The effects of this decline is the topic taken up in TOKYO SONATA, Kiyoshi Kurosa-wa’s distressingly superb CANNES Jury Prize winner. Like the equally brilliant, TIME-OUT, by French director Laurent Cantet (THE CLASS), this film concerns itself with the dilemma faced by the middle management man, who finds himself suddenly and inexplicably downsized. In this case, we have a patriarch, Ryuhei Sasaki (Teruyuki Kagawa) who has worked his way up to a vague supervisory position at a big corporation that's decided to outsource to China. Like many a cinematic and real life worker bee hero, he is overwhelmed with shame at the fact of his sudden unemployment, deceiving his family by dressing up and going to work every day. This increasingly dysfunctional family consists of his wife Megumi (Kyoko Koizumi), teenage son Takashi (Yu Koyanagi) and surprise piano prodigy Kenji (Kai Inowaki).
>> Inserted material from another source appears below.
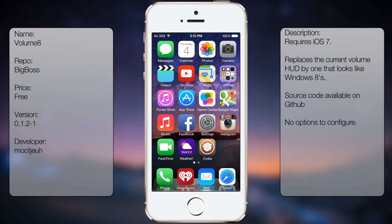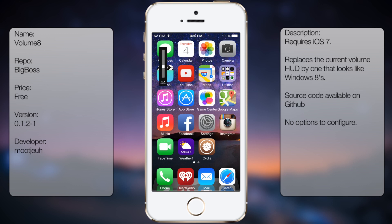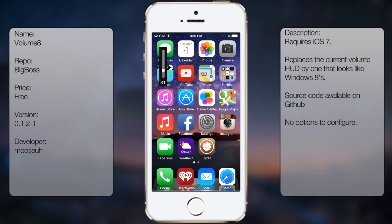What's up guys, in this video I'll be talking about Volume 8. It's a tweak in Cydia that changes your volume HUD to more of a Windows 8 slider, as you can see here.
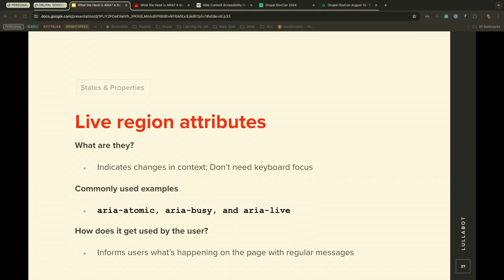Live region attributes indicate changes in content for a user's AT, such as whether a message will be read aloud within the flow of content — that's aria-live='polite' — or interrupt the flow and be read aloud immediately — that's aria-live='assertive'. The default is aria-live='off'. Adding role='alert' automatically uses aria-live='assertive'. These elements don't need to have focus. Commonly used examples are aria-atomic, aria-busy, and aria-live. They inform users of page changes, status updates, and provide notifications after form submission.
We follow along as Ryuhei suffers humiliation after humiliation in search of work: at one point being told that it is 100% impossible that he will ever find a position at the same level. He meets another gainfully unemployed character who programs his cell phone to ring every 15 minutes so that he'll appear to be busy. When he gets home from the days meanderings he’s even more of a bully than usual: refusing to let Kenji have piano lessons and fighting with his older son, who decides his best option is to join the U.S. military and fight in Iraq. Ultimately he is forced to take a job cleaning at a mall and when he bumps into his wife, the climatic family implosion is accelerated.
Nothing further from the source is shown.